How To Make a DIY Thermometer for Kids
First, gather your materials:
- Rubbing alcohol, optional
- Glass bottle – can use a recycled bottle and it doesn’t need to have it’s own lid
- Clear straw
- Measuring cup
- Sticky tack
- Red food dye, optional
- Cooking oil, any
I love how flexible this list of materials is! The rubbing alcohol is optional because you can just use water in your DIY Thermometer – but the rubbing alcohol helps the liquid respond faster to temperature changes. The red food dye is optional for helping see the temperature changes more clearly (especially with that added cooking oil on top) but you can leave your water plain, or add a different colour.
First, measure how much water it takes for your glass bottle to be completely full to the top.
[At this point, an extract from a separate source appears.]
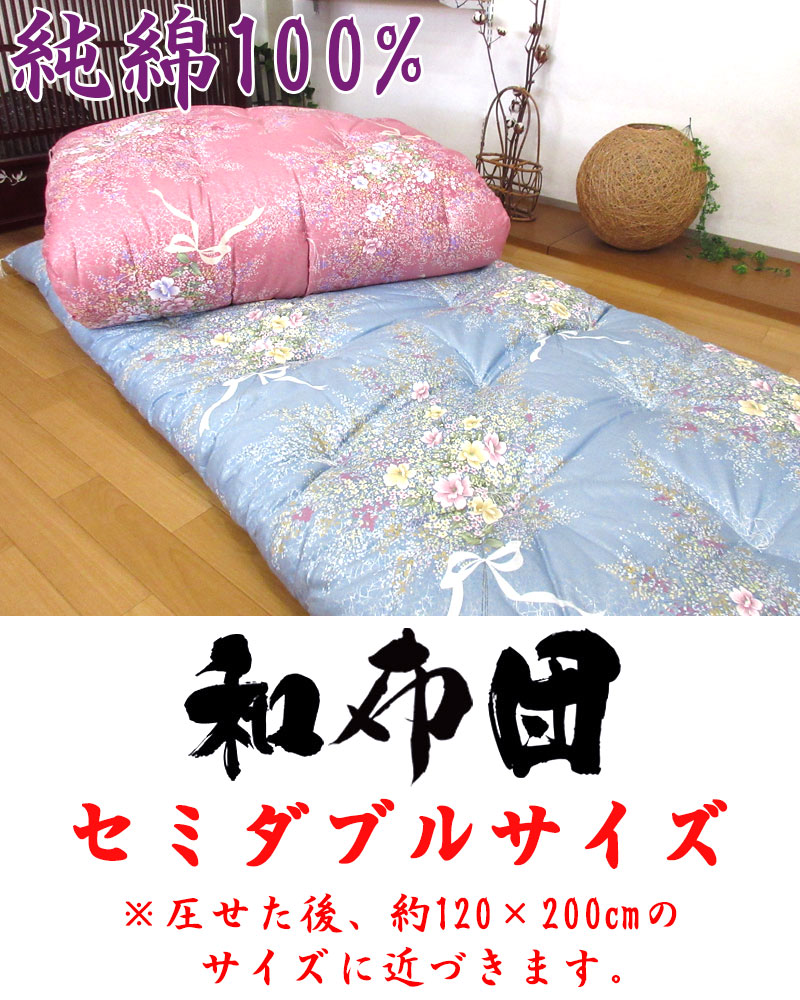 純綿100％ 綿わた敷布団 約120×200cm セミダブル 7.2kg 純綿/職人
Dump out half of the water and replace that half with rubbing alcohol.
We used a glass measuring cup for this but a beaker set would be a very science-y addition.
Next, add in the optional red food dye. This will make it easier to see the differences in temperature when the water-rubbing alcohol level rises in the straw, especially because you are going to have a drop of cooking oil on top (which might be hard to differentiate from the water).
Have your child carefully add the mixture to your bottle. I had my daughter wear protective eye covers but not protective gloves – take the safety precautions that make you most confident, and if you do choose to use gloves, use well-fitting gloves that you’re okay to get a bit messy.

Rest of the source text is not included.